Crawled caption data:
'''

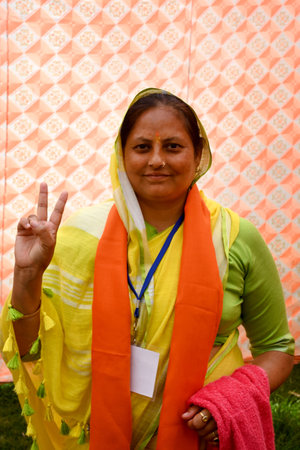 GREATER NOIDA INDIA MAY 13 2023 Bharatiya Janata Party s Geeta Sharma won the chairperson post for Dadri Municipality on Friday This is her third win from the urban local body on May 13 2023 in Greater Noida India The Bhartiya Janata Party swept the Uttarのeditorial素材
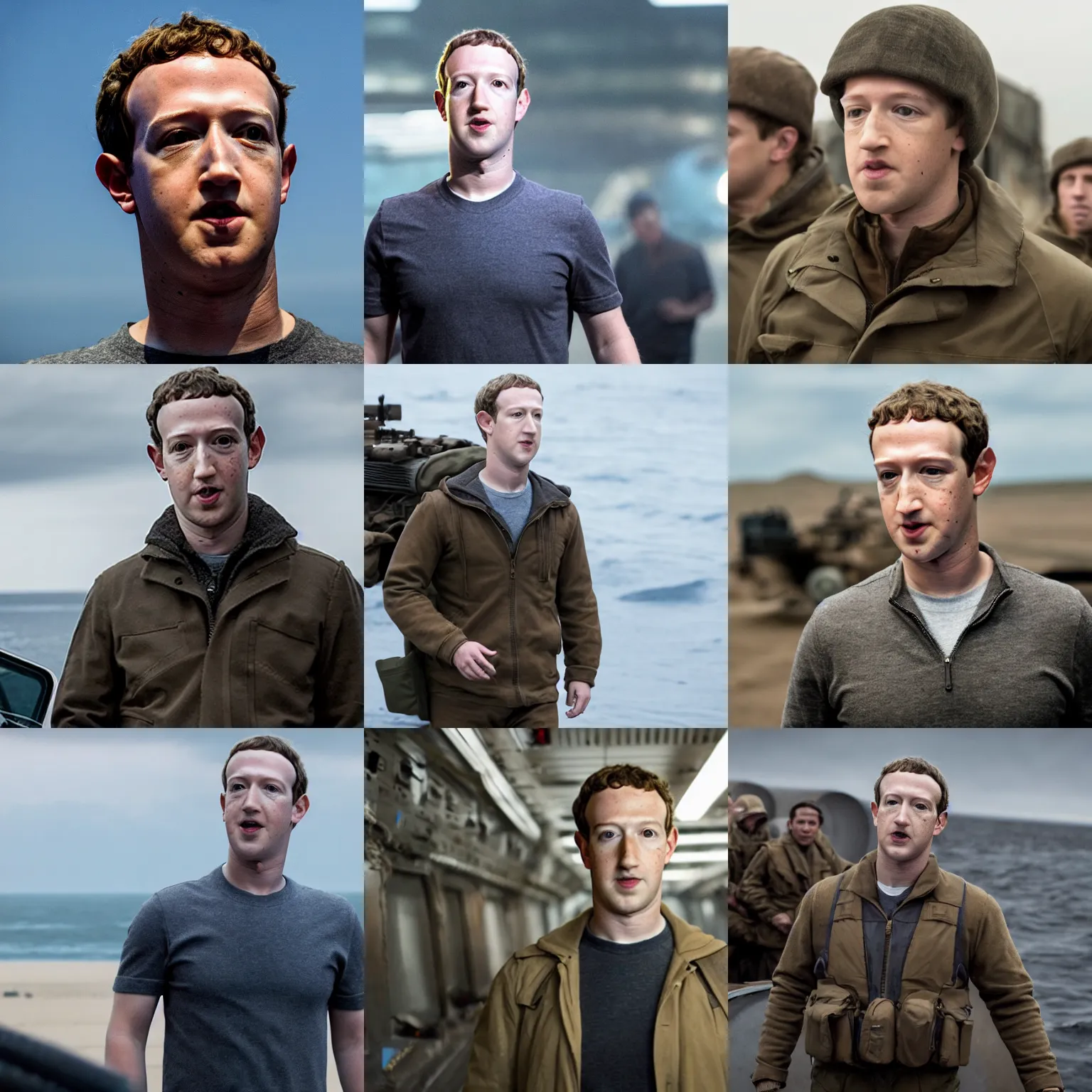 Prompt: Movie still of Mark Zuckerberg in Dunkirk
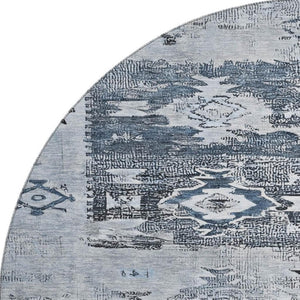 HomeRoots 8' Blue Ivory and Gray Southwestern Washable Round Rug – Durable, UV Protected, Easy-Care Design for Homes 696425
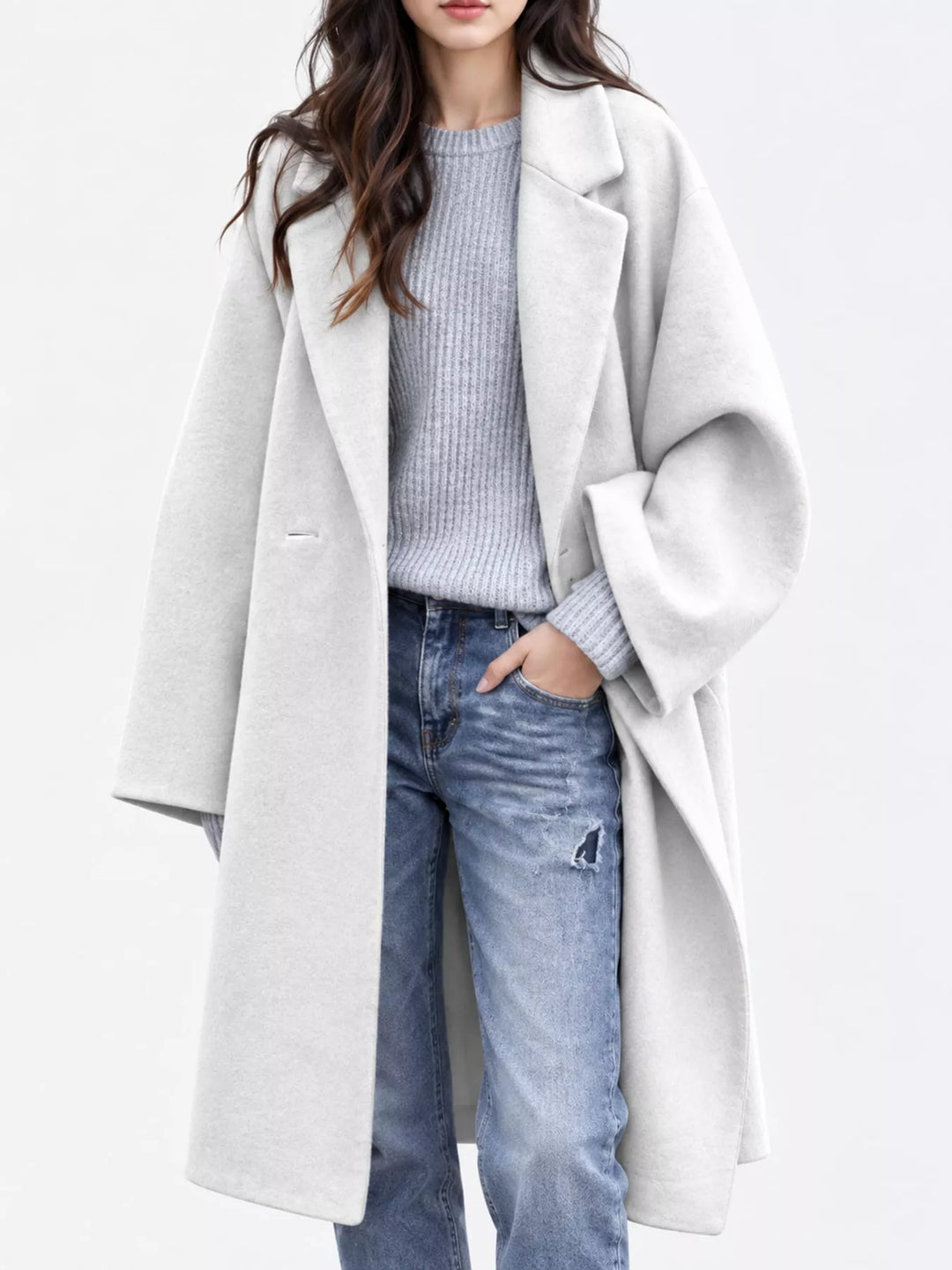 Oversized lapel one button longline in white, front view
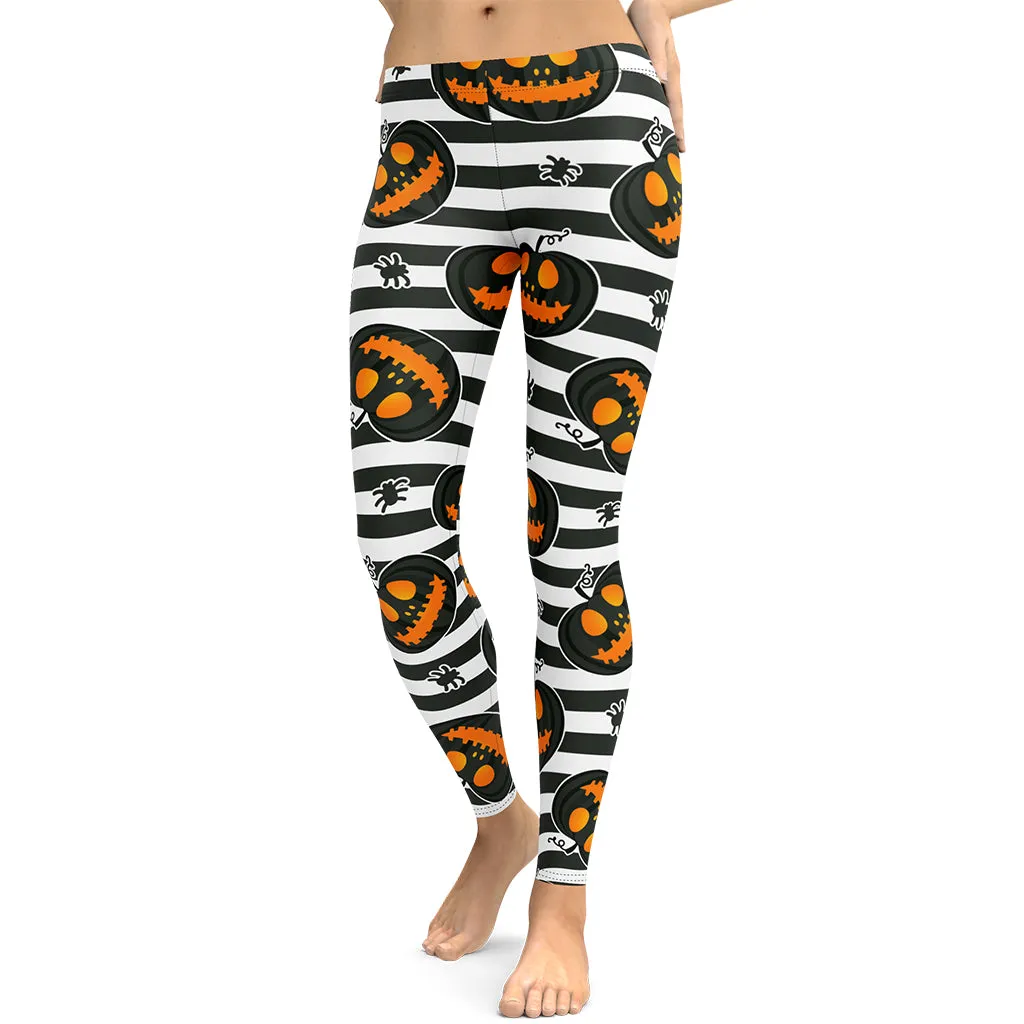 Striped Jack O'lanterns Leggings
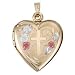 14K Yellow Gold Heart Color Cross Locket 3/4 inch x 3/4 inch in Solid 14K Yellow Gold (19MM)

'''

Without copying any picture, write out the entries exactly.

◆ **Answer**
 GREATER NOIDA INDIA MAY 13 2023 Bharatiya Janata Party s Geeta Sharma won the chairperson post for Dadri Municipality on Friday This is her third win from the urban local body on May 13 2023 in Greater Noida India The Bhartiya Janata Party swept the Uttarのeditorial素材
 Prompt: Movie still of Mark Zuckerberg in Dunkirk
 HomeRoots 8' Blue Ivory and Gray Southwestern Washable Round Rug – Durable, UV Protected, Easy-Care Design for Homes 696425
 Oversized lapel one button longline in white, front view
 Striped Jack O'lanterns Leggings
 14K Yellow Gold Heart Color Cross Locket 3/4 inch x 3/4 inch in Solid 14K Yellow Gold (19MM)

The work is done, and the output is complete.